Close

American Gods Review – Scotsman

McGinty, Stephen, “Twilight of the dethroned gods”, The Scotsman, 28 July 2001, p.16

American Gods, by Neil Gaiman, Headline, #9.99.

WHERE do the old gods go? When the incense has drifted heavenwards and dispersed, when the final human sacrifice has breathed his last, or when elderly followers rise from their knees, shrug their shoulders and move on, do the gods and goddesses die? Or do they simply sigh, pack up their icons and go out and find a real job?

Neil Gaiman knows the answer and anyone smart enough to pick up American Gods for their beach reading can soon find themselves in the company of the wildest set of dejected deities since God told the Jewish people to ditch the golden calf. A writer best known for his comic series, Sandman, and an early collaboration with Terry Pratchett, Gaiman has an imagination that thrums like a motor and his latest novel is a delicious road trip through the black heart of America.

When Shadow, a convict in the final days of his sentence, is warned about a coming storm, he has little idea of the hurricane into which he will be drawn. Recruited on the outside by a mysterious Mr Wednesday to act as bodyguard to the bearded, one-eyed grifter with a taste for mead and curious line in former colleagues, the pair set off on a mission to recruit yesterday’s gods.

“This country has been Grand Central Station for 10,000 years or more,” explains Mr Ibis, the former Egyptian god of the dead, now employed as a mortician in the South Illinois town of Thebes. While some gods like Thor chose to commit suicide, others adapted to their impoverished environment.

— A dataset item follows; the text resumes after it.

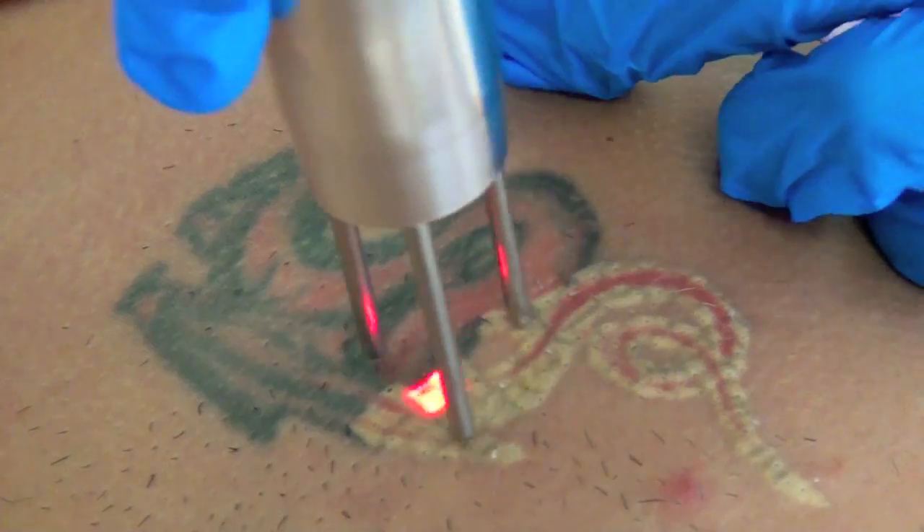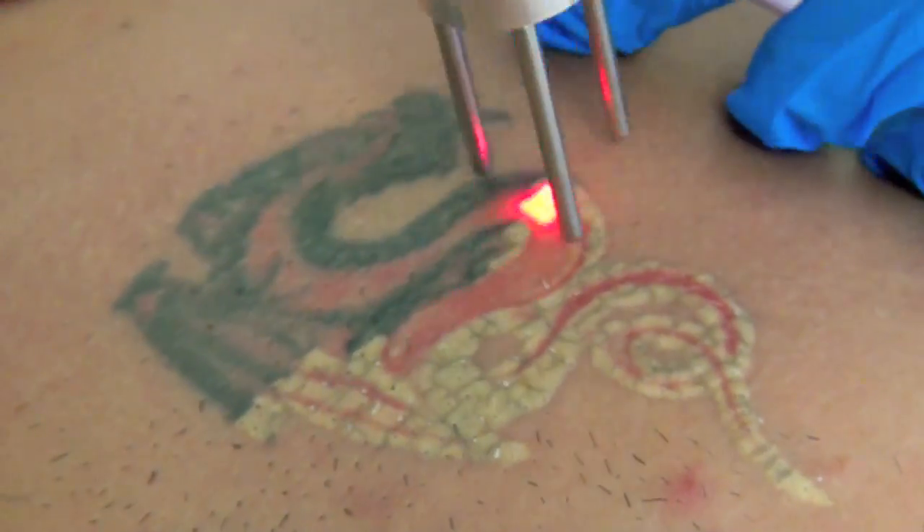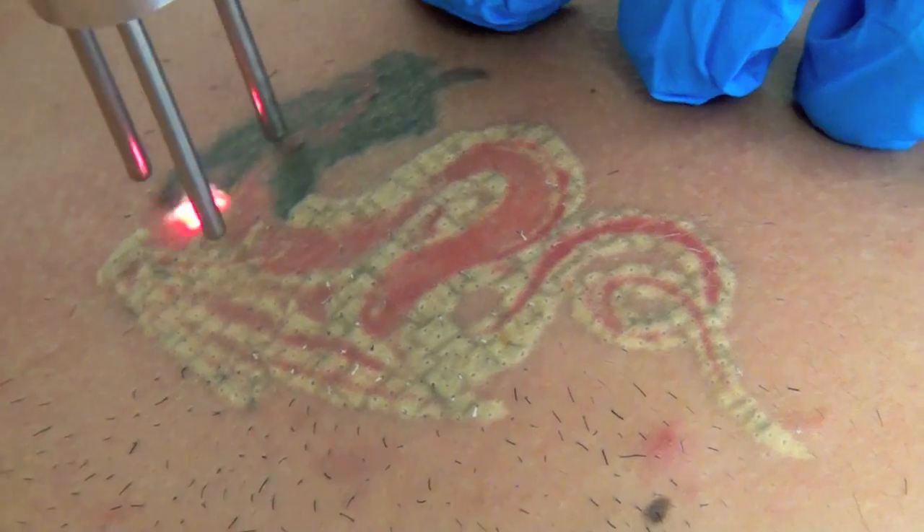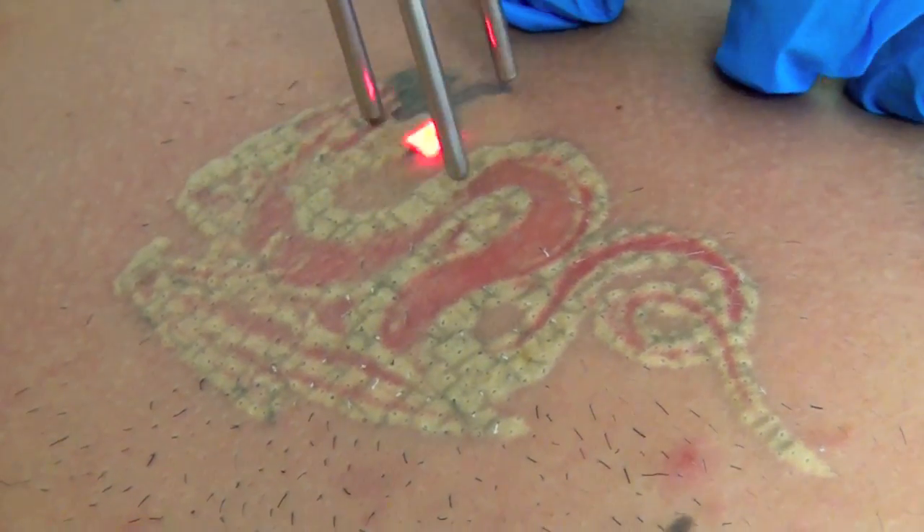The playback of this two-minute procedure is also accelerated for your convenience. Right now, the Duality's 1064 nanometer wavelength is being selectively absorbed by the black ink in the tattoo.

We encounter Bilquis, the Middle Eastern goddess of love, working the streets of Hollywood; Anansi, the Spider God, is now a black man called Mr Nancy; and Mad Sweeney, the Irish folk hero, is a drunken down and out. The reason for their recruitment is Mr Wednesday’s idea of a final brawl against the modern gods of the internet, the credit card and the digital chip, but woe betide anyone who trusts him too far.

American Gods weaves round a country punctuated with pitstops from the past during which Gaiman chronicles the arrival of different gods carried over the sea by their believers. The result is a spellbinding tale of magic and wonder that should puncture the glass ceiling against which the author has had his nose pressed for so long, and unite him with a new generation of readers for whom comics remain the preserve of children.

Norman Mailer may have praised Gaiman’s graphic novels, but when working only with words the British writer can still conjure memorable images, a disturbing atmosphere and a vision of America that’s entirely fresh. A section of particular note explores the disappearance of children in a small town in Wisconsin, and carries the chill of more than winter through its pages.

Stephen King, Clive Barker and Peter Straub are the unholy trinity of contemporary dark fantasy. In American Gods Gaiman has demonstrated he is making an assault on their pedestal.